Fix accuracy of logistic sigmoid

Fix accuracy of the specialized float32 implementation of the logistic (sigmoid) function S(x) = exp(x)/(1+exp(x)) in Eigen. The reason to have this specialization in the first place is that logistic sigmoid is a frequently used function in machine learning and statistics, so even a modestly (~30%) faster version can have an impact in applications.

The old implementation was very inaccurate around x=-9 where we would switch from a fast rational approximant to returning exp(x), which has the right asymptotic behavior for large negative x.
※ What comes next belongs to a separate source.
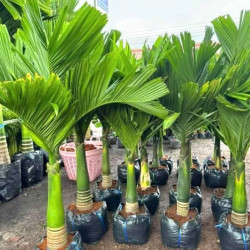 Areca catechu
This approach would have errors >8000 ulps around x=-9 and also be slow for SIMD packets containing elements less than -9, since we would compute both the rational approximant and exp(x).

The new algorithm uses a hybrid range reduction method: First the standard range reduction used in pexp(x) is applied, and secondly we use the identity exp(r) = exp(r/2)^2, to avoid generating denormalized intermediate values for large negative arguments. This enables us to use a fast version of pldexp that does not properly handle denormals, but is significantly faster.

The final result is an implementation that has maximum relative error of 4.5 ulps for normalized results. In addition, the old algorithm would return zero for x < ~-88, while the new algorithm extends the range to x~=-104 where S(x) ~= std::numeric_limits<float>::denorm_min(). Relative accuracy degrades gradually down to 0.033 for arguments around x=-104 where S(x) ~= std::numeric_limits<float>::denorm_min(). This is expected and acceptable.

The new algorithm is about 30% faster than computing e = pexp(x); s = e / (1 + e), while the old inaccurate algorithm was about 40% faster when no arguments x < -9 are present and about 2x slower when they are.

This change also extends the range of the non-specialized version to properly compute dernormalized values of S(x) for large negative x, e.g. the range ~[-104;-88] for float, below which S(x) is too small to be represented even in a denormalized float. This is accomplished by evaluating S(x) as exp(x) / (1 + exp(x)) instead of 1 / (1 + exp(-x)).

Thanks to my Google colleagues James Lottes and Sameer Agarwal for the discussions and experimentation that led to this.